*** Source data ***
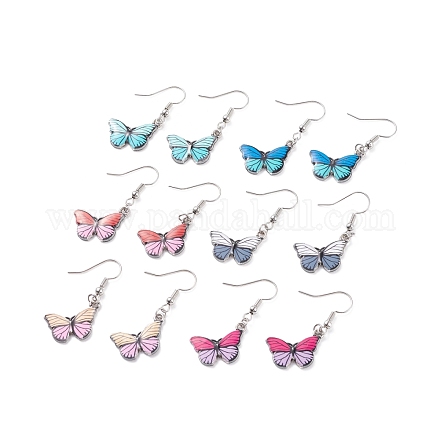 Boucles d'oreilles pendantes papillon bicolore pour femme EJEW-JE04807-1
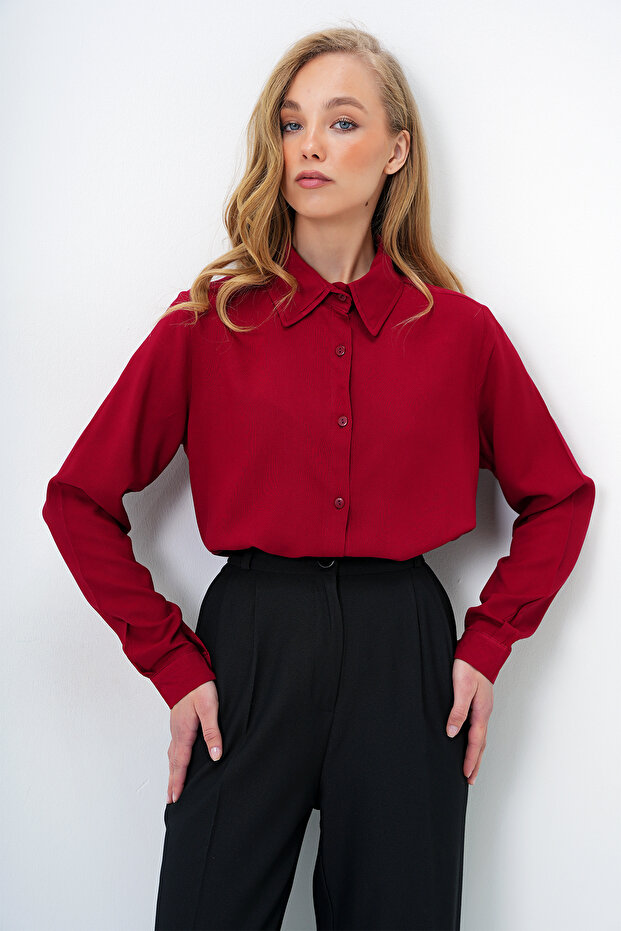 Bordo Basic Viscon Dokuma Gömlek - 5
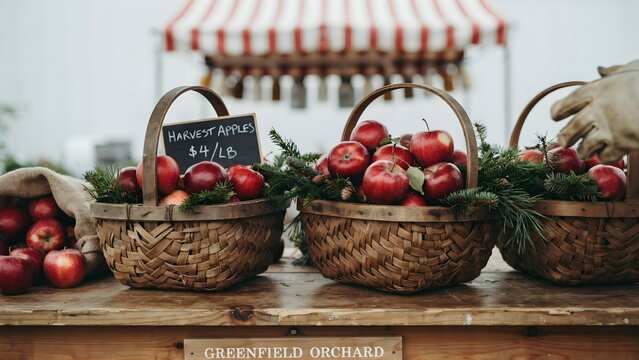 Baskets of Fresh Apples at Greenfield Orchard Farmers Market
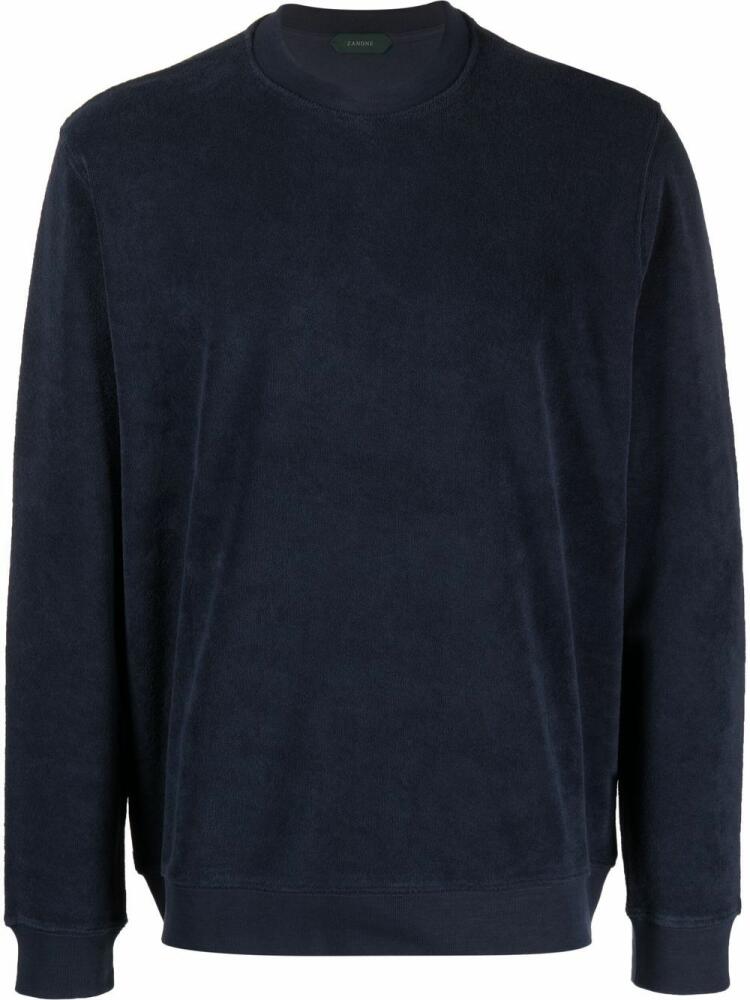 Zanone cotton towelling sweatshirt - Blue Cover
***
__Task details__: Each line from the one holding "Baskets of Fresh" through the final line of the data needs to be transcribed exactly. Include both ends, skip the pictures, and add nothing.

__Solution for this problem__:
 Baskets of Fresh Apples at Greenfield Orchard Farmers Market
 Zanone cotton towelling sweatshirt - Blue Cover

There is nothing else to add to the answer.